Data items
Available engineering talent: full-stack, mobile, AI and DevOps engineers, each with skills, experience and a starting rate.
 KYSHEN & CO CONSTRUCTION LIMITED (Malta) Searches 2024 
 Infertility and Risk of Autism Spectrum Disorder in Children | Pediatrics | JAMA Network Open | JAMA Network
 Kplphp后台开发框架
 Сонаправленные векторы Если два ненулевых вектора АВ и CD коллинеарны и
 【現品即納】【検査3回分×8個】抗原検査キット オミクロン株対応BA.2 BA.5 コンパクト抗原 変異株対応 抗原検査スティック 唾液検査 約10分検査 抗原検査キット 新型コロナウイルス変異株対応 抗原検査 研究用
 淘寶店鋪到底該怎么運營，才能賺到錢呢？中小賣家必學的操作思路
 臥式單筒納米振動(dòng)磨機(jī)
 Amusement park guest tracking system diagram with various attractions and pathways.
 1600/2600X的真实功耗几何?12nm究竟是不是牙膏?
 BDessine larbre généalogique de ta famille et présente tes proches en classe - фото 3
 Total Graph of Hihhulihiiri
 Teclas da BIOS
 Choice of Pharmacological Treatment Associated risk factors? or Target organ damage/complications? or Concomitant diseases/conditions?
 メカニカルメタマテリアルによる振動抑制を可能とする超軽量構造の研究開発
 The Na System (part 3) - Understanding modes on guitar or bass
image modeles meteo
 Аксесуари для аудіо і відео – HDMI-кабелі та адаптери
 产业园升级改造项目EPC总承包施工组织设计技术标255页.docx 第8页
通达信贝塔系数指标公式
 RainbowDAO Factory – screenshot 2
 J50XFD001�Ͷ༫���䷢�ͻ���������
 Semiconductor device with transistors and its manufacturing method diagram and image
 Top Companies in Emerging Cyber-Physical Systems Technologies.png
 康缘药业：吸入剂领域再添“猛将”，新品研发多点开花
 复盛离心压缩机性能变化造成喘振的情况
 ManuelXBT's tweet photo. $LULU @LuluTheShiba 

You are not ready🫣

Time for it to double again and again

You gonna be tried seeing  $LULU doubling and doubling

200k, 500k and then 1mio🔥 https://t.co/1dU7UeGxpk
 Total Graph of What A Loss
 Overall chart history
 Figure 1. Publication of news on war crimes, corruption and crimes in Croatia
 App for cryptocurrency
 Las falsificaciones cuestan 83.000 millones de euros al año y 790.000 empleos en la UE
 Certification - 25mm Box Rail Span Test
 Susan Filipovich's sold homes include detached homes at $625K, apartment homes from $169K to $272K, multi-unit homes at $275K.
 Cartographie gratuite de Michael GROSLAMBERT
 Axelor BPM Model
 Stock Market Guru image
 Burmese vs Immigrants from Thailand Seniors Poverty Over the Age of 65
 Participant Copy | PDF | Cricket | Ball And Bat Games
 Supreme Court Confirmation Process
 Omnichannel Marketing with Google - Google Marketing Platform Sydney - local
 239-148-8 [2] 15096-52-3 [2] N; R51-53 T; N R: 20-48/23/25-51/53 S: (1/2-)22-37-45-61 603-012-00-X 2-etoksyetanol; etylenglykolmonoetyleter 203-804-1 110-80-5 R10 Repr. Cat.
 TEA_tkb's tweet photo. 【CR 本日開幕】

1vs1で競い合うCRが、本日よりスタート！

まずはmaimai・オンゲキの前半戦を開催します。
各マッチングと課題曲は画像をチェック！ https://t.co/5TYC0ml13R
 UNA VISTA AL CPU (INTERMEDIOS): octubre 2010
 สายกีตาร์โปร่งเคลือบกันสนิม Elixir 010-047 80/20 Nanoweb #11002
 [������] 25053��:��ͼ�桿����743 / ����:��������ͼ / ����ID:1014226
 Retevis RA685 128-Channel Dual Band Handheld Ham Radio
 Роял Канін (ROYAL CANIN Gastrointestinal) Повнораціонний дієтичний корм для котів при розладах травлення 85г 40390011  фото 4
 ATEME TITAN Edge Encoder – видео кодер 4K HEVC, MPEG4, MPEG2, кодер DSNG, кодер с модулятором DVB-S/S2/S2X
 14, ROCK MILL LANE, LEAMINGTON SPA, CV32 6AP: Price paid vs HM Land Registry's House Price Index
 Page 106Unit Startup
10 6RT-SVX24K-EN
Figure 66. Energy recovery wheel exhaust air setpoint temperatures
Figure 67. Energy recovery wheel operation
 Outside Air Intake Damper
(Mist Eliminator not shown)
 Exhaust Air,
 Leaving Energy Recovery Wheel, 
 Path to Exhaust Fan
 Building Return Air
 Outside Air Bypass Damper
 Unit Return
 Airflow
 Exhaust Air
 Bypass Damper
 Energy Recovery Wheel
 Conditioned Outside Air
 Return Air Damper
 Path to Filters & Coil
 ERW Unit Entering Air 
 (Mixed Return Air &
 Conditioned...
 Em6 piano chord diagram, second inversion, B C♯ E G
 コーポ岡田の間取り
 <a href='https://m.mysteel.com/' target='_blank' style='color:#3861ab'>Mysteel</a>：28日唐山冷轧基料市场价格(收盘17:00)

TASK PROMPT
Only the lines from the one that holds "10 6RT-SVX24K-EN" through the end of the records should appear in the answer, each restated exactly.

EXERCISE ANSWER
10 6RT-SVX24K-EN
Figure 66. Energy recovery wheel exhaust air setpoint temperatures
Figure 67. Energy recovery wheel operation
 Outside Air Intake Damper
(Mist Eliminator not shown)
 Exhaust Air,
 Leaving Energy Recovery Wheel, 
 Path to Exhaust Fan
 Building Return Air
 Outside Air Bypass Damper
 Unit Return
 Airflow
 Exhaust Air
 Bypass Damper
 Energy Recovery Wheel
 Conditioned Outside Air
 Return Air Damper
 Path to Filters & Coil
 ERW Unit Entering Air 
 (Mixed Return Air &
 Conditioned...
 Em6 piano chord diagram, second inversion, B C♯ E G
 コーポ岡田の間取り
 <a href='https://m.mysteel.com/' target='_blank' style='color:#3861ab'>Mysteel</a>：28日唐山冷轧基料市场价格(收盘17:00)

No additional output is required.